If you happened to have heard last Sunday’s show or heard the podcast on WFAN.com, you will recall that we were talking about a most unusual situation in NJ regarding the Wayne Hills HS football team.
The team ended their regular season with a record of 8-1 and seeded number one in their regional playoffs.
But then less than two weeks ago, the team was suddenly informed by the NJSIAA, the state’s athletic governing body, that there was some sort of residency violation involving involving three brothers on the Wayne Hills team. The three kids happen to be stars on the Wayne Hills team. Even more astounding was that the tip came from the superintendent of the Wayne Hills school district.
Sure enough, within a matter of hours, the Wayne Hills team was suspended and forced to sacrifice all of its wins this year due to the infraction. And of course, no playoffs. In effect, Wayne Hills was done for this season.
The team and the parents of the kids on the football were understandably outraged. they protested, got a lawyer, and appealed to the NJ Commissioner of Education, who agreed that the family in question hadn’t been given due process to prove their case that the three brothers were legit, e.g that they were living legally within the school district. In short, the Wayne Hills football program got a temporary break. But they had to go through a formal decision process.
But it was until late Tuesday of this past week when that final hearing was heard and the Wayne Hills football was fully reinstated and allowed to go back and play football in the playoffs. You can just imagine the sense of relief for everybody in that school: the superintendent (who, by the way, was obliged to report any perceived rules violations, the athletic director, principal, coaches, and so on).
According to Patrick Lanni of NJ.com, who was covering this case, the key evidence turned on the fact the three brothers have been living in a one-bedroom apartment with their father for the last two years. It’s a rented apartment within the school district, and they had the paperwork to show that rent had been paid. And although it sounds more than a little cramped with four guys living in a one-bedroom, it was ruled to be legitimate.

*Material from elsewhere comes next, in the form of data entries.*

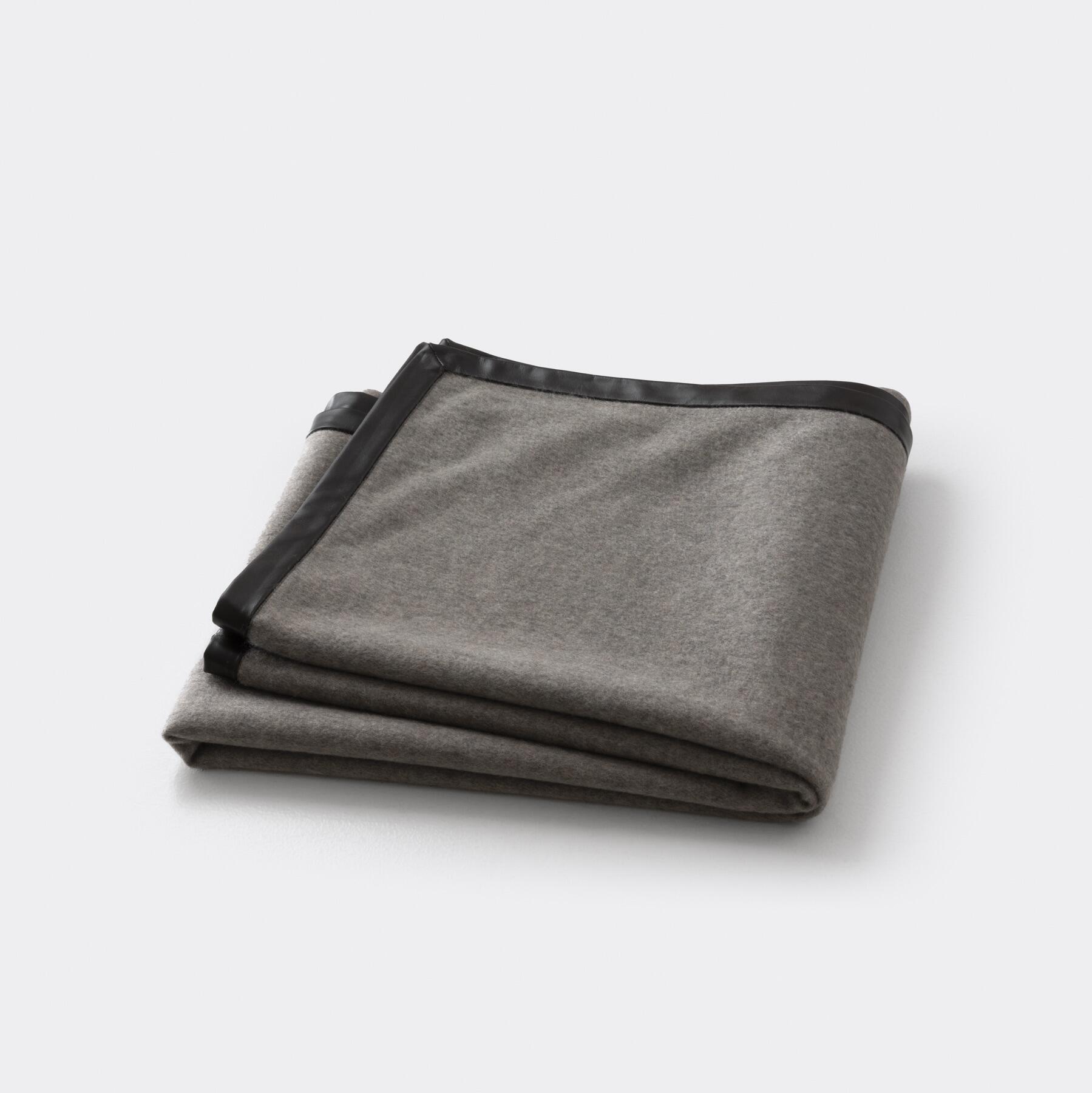 Cashmere Double Sided Throw, Leather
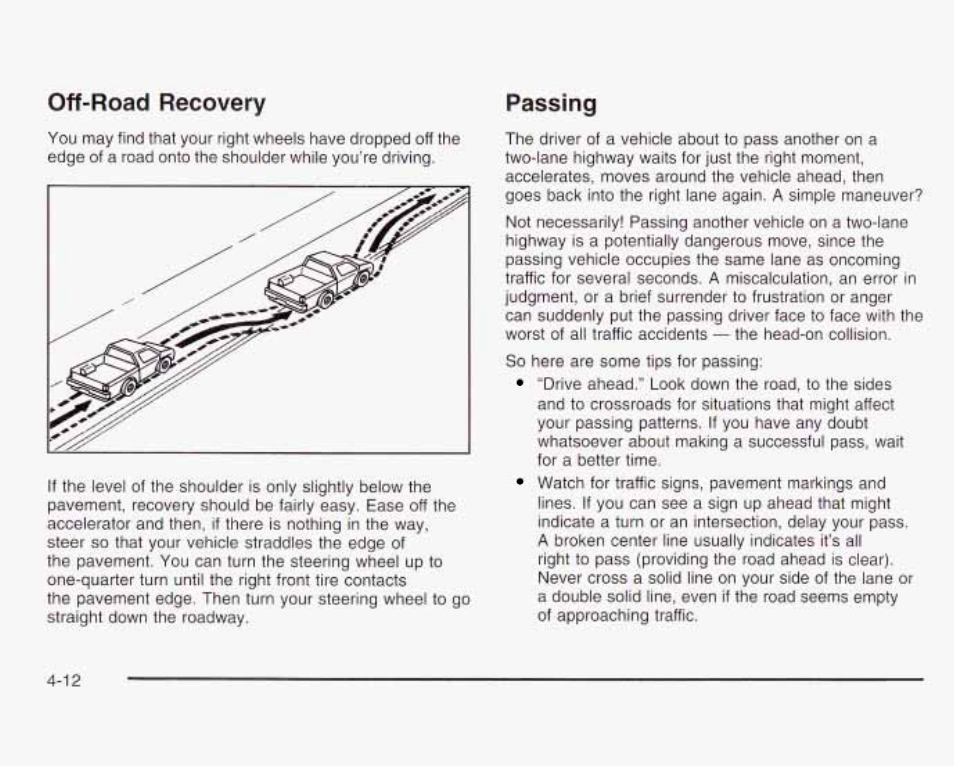 Off-road recovery, Passing | GMC 2003 Envoy User Manual | Page 245 / 458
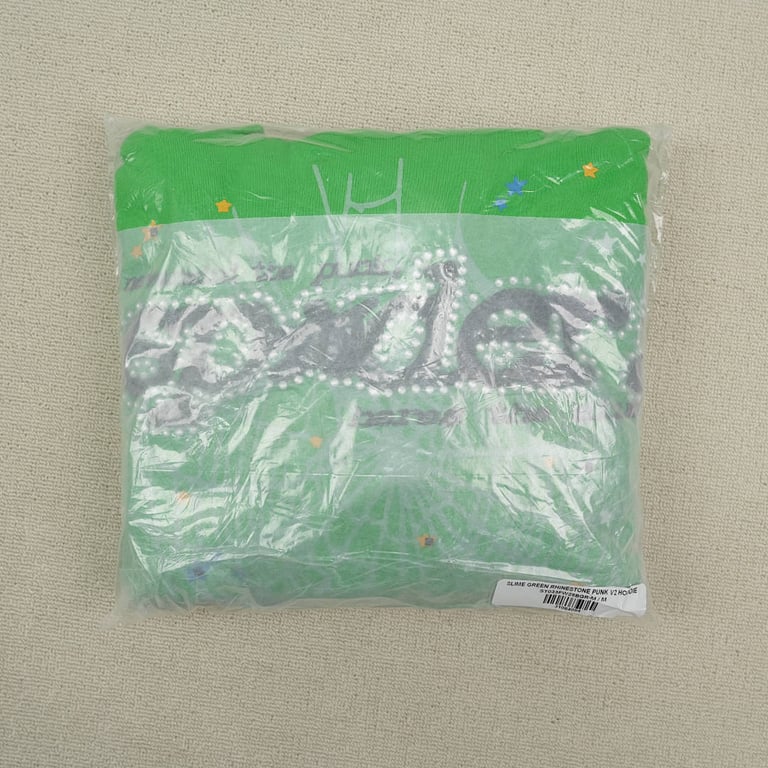 Sp5der Punk V2 Rhinestone Hoodie Bright Green - 2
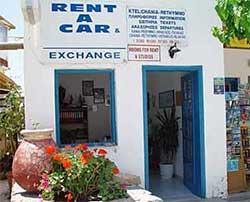 Sfakia Tours car hire office on the village square of Chora Sfakion, Crete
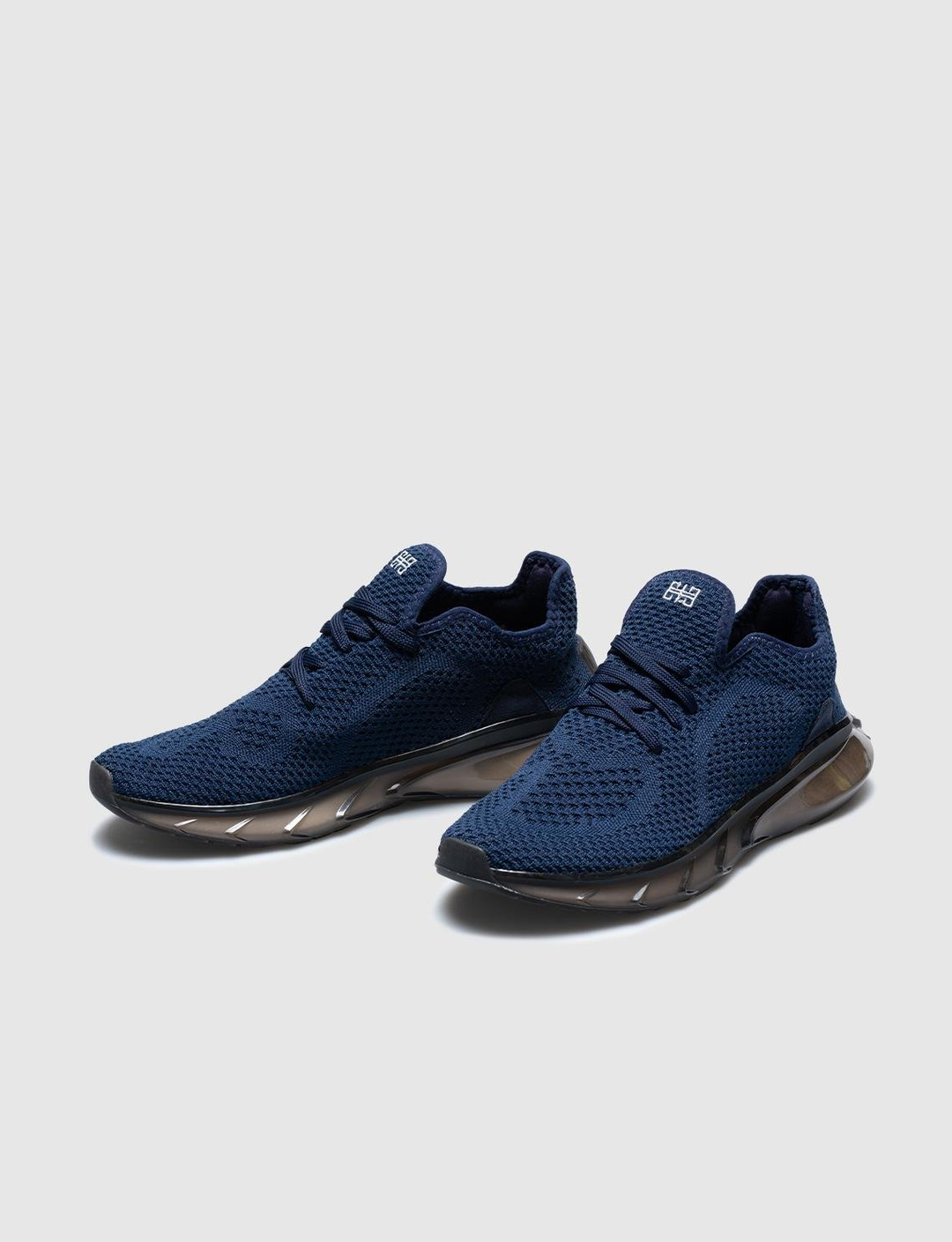 Men Navy Blue Lace Up Knit Sneakers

No question this was a major hassle for everyone involved. But let’s take a step back. There was a time when HS students transferred because their entire family moved to a different town or locale. And the kids in the family enrolled in the local school. Or perhaps a family enrolled a child in a private or parochial because they wanted a different kind of education for their kid.
But let’s be candid. These days, I would venture that most of the transfers that occur are done by kids (with the full support of their parents) to find a better opportunity in order to showcase their athletic skills. In short, it’s less about the education and more about the athletic opportunities. Even worse, state governing bodies just don’t have the manpower to keep track of all these kids, many of whom not only transfer once but two or three times in their HS career.
The time has come to sit down and to review and rewrite the transfer rules. In preparing for my show this week, I checked on the rules in California and Florida. Trust me, the rule books are incredibly opaque and difficult to read. And there are plenty of exceptions to each rule.
So here’s what I suggest we do:
Go back and rewrite the transfer rules so that anyone can understand them.
Sounds obvious, but in most states, you need a law degree to figure these rules out.
Put the responsibility on the school districts to check on all the athletes on their teams and make sure they are all legit.
You can’t expect the state’s governing body to check on each and every transfer. But the school should. That would include the coaching staff, the guidance department, and the athletic department. Make the effort to make sure each kid is actually living full-time in the district. If you don’t, then you bear the full responsibility.
Put real teeth into punishing the kid’s parents.
No HS kid is going to transfer into another school without his or her parents’ support. If it appears that the parent is simply trying to advance their kid’s athletic career AND the parent is working through loopholes with a transfer, punish the parent! Levy a major fine or consider some other kind of serious penalty. Remember, if their kid is caught in a lie, then the entire team is reprimanded harshly. Let that hard punishment start with the parent.
Is this easy?
No, of course not. But as more and more sports parents try and position their kid for a college scholarship by changing HS via a transfer, it’s time to cut through all the clutter and make the system functional and fair for everyone.